How do you write a balanced overall reaction given the following unbalanced half reactions?
$\begin{align}
 & Li\to L{{i}^{+}} \\
 & B{{a}^{+2}}\to Ba \\
\end{align}$

Answer 1

Hint: To balance the reaction, multiply one equation with a constant so that number of electrons lost is equal to the number of electrons gained, then add the two equations, to get the final balanced equation.

Complete step by step answer:
- In order to answer our question, we need to learn about the balancing of chemical equations. We know that matter can neither be created nor be destroyed in a chemical reaction. Moreover, no new species of some different element can suddenly be generated in any reaction. For example, in the reaction $2{{H}_{2}}+{{O}_{2}}\to 2{{H}_{2}}O$, we can see that both the number of atoms of hydrogen and oxygen in the reactant side and product side of the reaction are same.

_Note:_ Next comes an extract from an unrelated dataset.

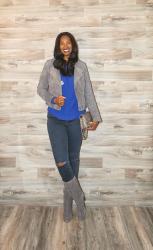 Cobalt Sweater + Grey Moto Jacket and Boots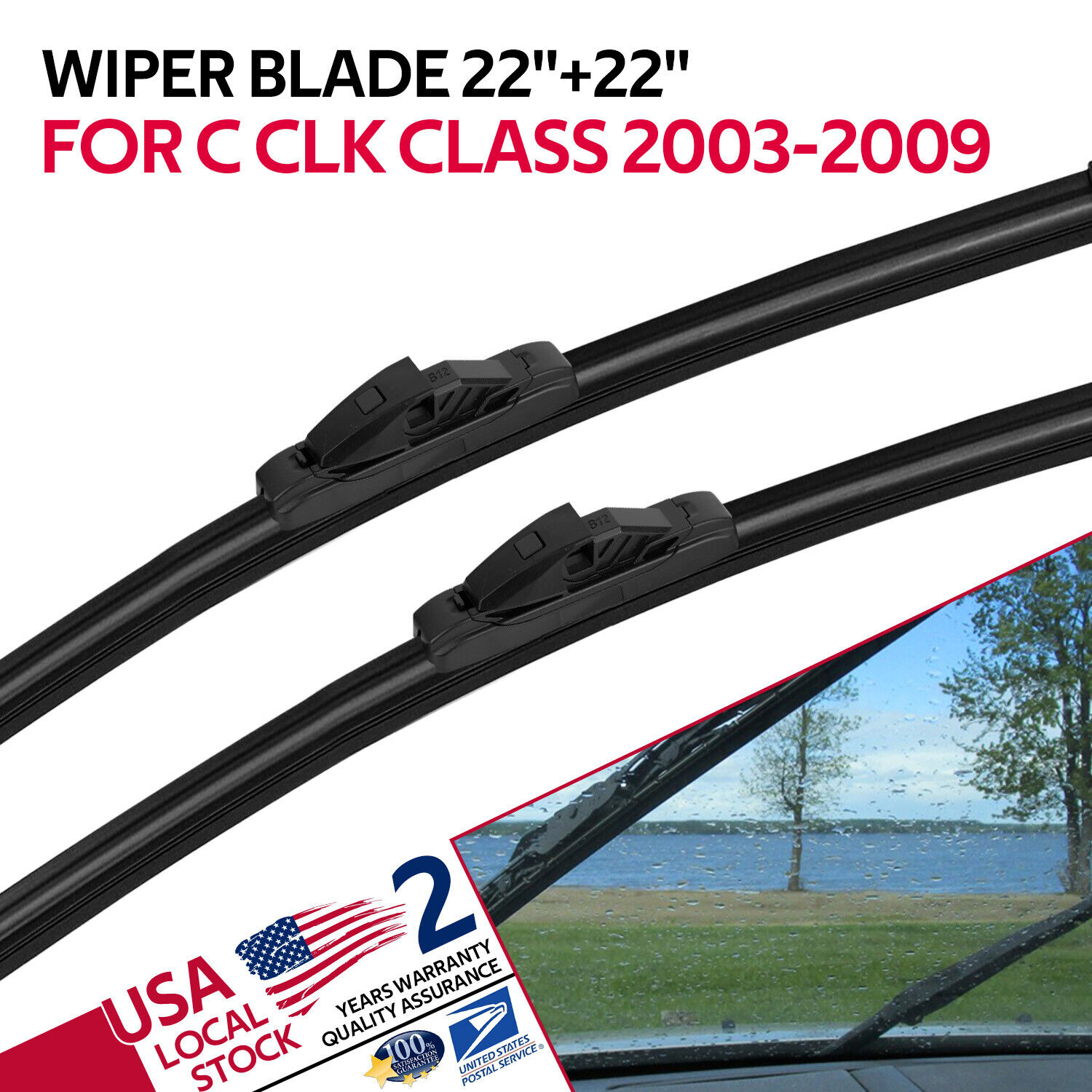 OEM Windshield Wiper Blade Set of 2×22inch Fits For Mercedes-Benz C CLK Class US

There are 4 hydrogen atoms and 2 oxygen atoms throughout the reaction. Moreover, when hydrogen and oxygen are mixed, the end product is water, which consists of hydrogen and oxygen only. No new element like nitrogen or argon has interfered in the reaction.
- However, when it comes to the balancing of ionic reactions, there is a little bit of a difference. In ionic reactions, there is exchange of electrons, and electrons are exchanged because out of protons, neutrons and electrons, electrons are the only mobile. Even in this case, the mass conservation principle is applied. So, we have to balance them in such a way that the number of electrons transferred is numerically equal to the number of electrons gained. Now, we have:
\[\begin{align}
 & Li\to L{{i}^{+}}+{{e}^{-}}...........(1) \\
 & B{{a}^{2+}}+2{{e}^{-}}\to Ba......(2) \\
\end{align}\]
Clearly, there is transfer of 2 electrons, so, we multiply equation (1) by 2 and we have:
\[2Li\to 2L{{i}^{+}}+2{{e}^{-}}...........(3)\]
Now, by adding equations (2) and (3), we can get the final balanced equation that is:
\[2Li+B{{a}^{2+}}\to 2L{{i}^{+}}+Ba\]
Hence, we get the required balanced equation.

Note: In the case of ionic reactions, the charge is treated as atomicity, which cannot be changed for any reaction. However, the coefficients can be changed by multiplying with a constant.